El Rey Felipe VI, que es un profesional intachable, a mi entender, en lo que se refiere al desempeño de la Corona, ha hecho lo que tenía que hacer: desautorizar públicamente, de un plumazo, esas actividades económicas, y creo que no solamente económicas, de un padre con quien ya estaba al parecer distanciado: no es fácil aceptar, además de que alguien ponga en peligro la forma del Estado, que a tu madre se la humille como se ha hecho en algunos momentos.

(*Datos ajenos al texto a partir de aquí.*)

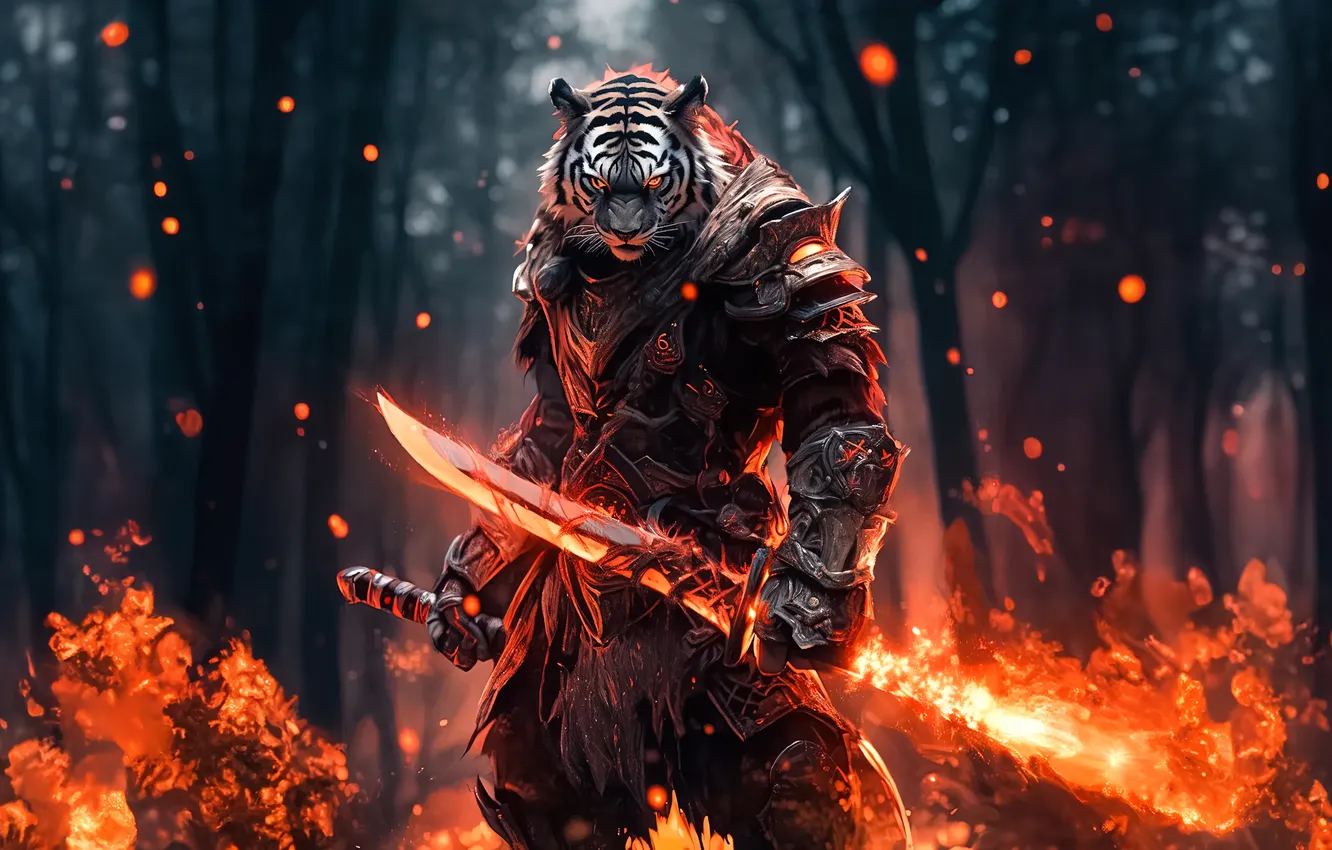 Фото обои Fantasy, Fire, Tiger, Warrior, Graphics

Supongo que el momento elegido por el Rey Felipe para lanzar un comunicado sin precedentes a una opinión pública que pensaba que nada más podía ya suceder ha sido también minuciosamente calculado. Al margen de los movimientos de la aventurera por diversas capitales europeas, presumiblemente difuminando informaciones en algunos periódicos, el jefe del Estado conoce, supongo, la necesidad que la opinión pública tiene de escuchar su mensaje en estos momentos de tribulación y de especial riesgo para el bienestar de todos los españoles: probablemente más de doscientos mil empleos se hayan perdido ya en la última semana, calculan quienes pueden hacerlo. Por ejemplo.

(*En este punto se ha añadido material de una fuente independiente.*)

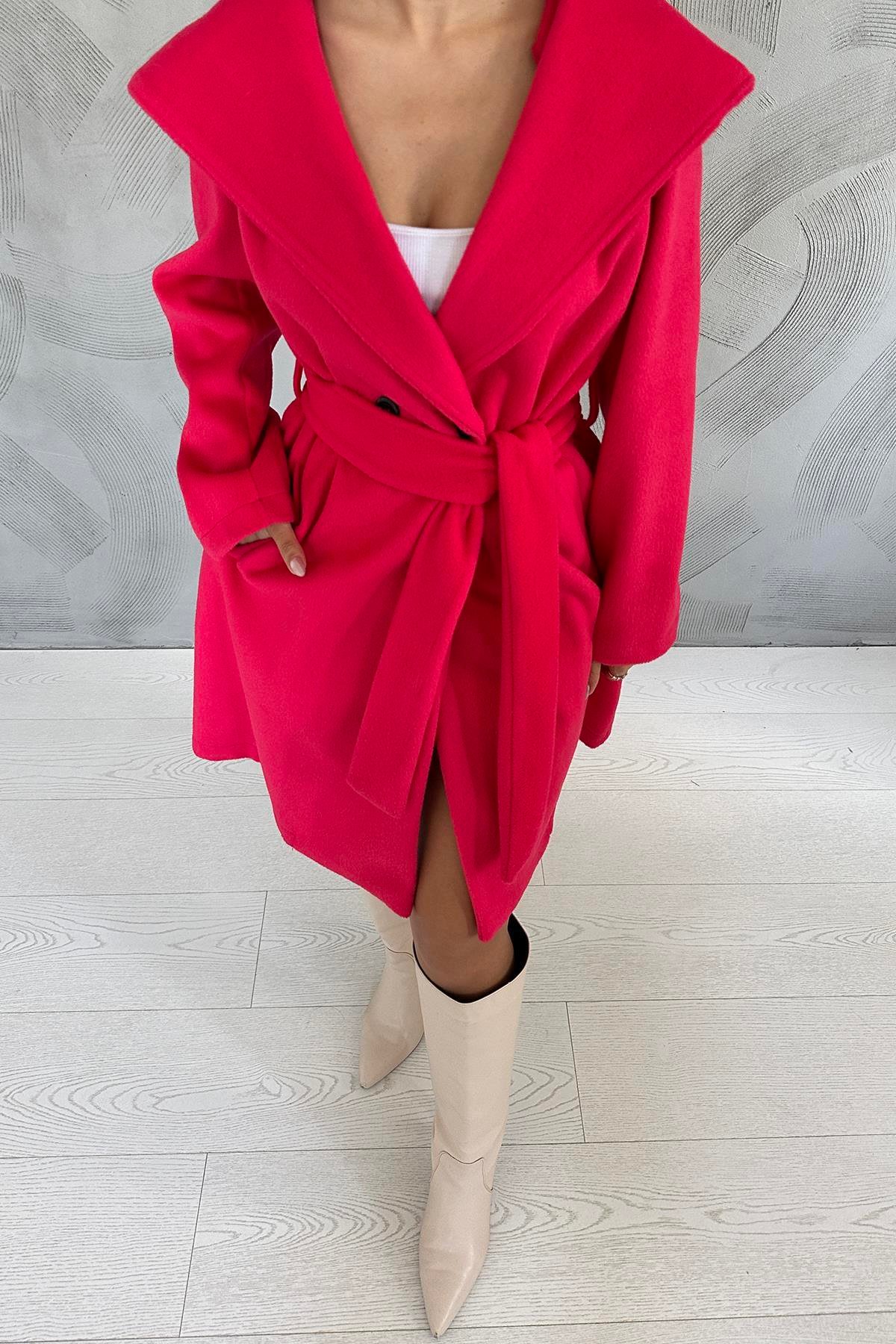 Wholesale Fuchsia Hooded Belted Coat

Don Felipe, que tiene ya un enorme conocimiento de la realidad política, sabía que, para conectar con los españoles, primero tenía que desconectar con su propio padre. Públicamente. Ignoro cuándo y cómo se producirá ese mensaje del Rey a los ciudadanos. Lo que sí sé es que el monarca tiene que vencer las resistencias timoratas de algunos de sus asesores y salir al balcón de las televisiones para que la ciudadanía, encerrada en sus hogares, compruebe que la Corona juega un papel balsámico, como aquel 3 de octubre de 2017 jugó un papel de liderazgo en momentos comprometidos para la unidad de la Patria. Cierto que el Gobierno no es que esté ayudando mucho al Rey precisamente en este necesario protagonismo: ni siquiera por cortesía y formalismo se ha dicho, más que de pasada, que se hubiese consultado al jefe del Estado para decretar el estado de alarma, entre otras cosas.

La Corona vive momentos de indudable zozobra, ya que, confío, no de riesgo de pervivencia. Muchos que nos manifestamos monárquicos nos sentimos también algo estafados ante conductas del pasado poco o más bien nada ejemplares: ya digo que cuarenta años de Historia han caído sobre nuestras cabezas, y eso te produce una cierta quiebra moral. No quisiera ahora sentirme, además, decepcionado ante la ausencia en el escenario de aquel a quien más de una vez he llamado el mejor Rey que hemos tenido nunca en España, este Felipe VI que sé que estos días debe estar sufriendo por un cúmulo de tristezas personales y de temores ante lo que le/nos depare el futuro. Debe saber el Rey que no esta solo: somos muchos, creo, los españoles que le acompañamos en este momento, tan difícil para todos, y que aguardamos sus palabras. Me resultaría especialmente extraño que no compareciese públicamente precisamente cuando creo que más necesaria es su figura entre nosotros.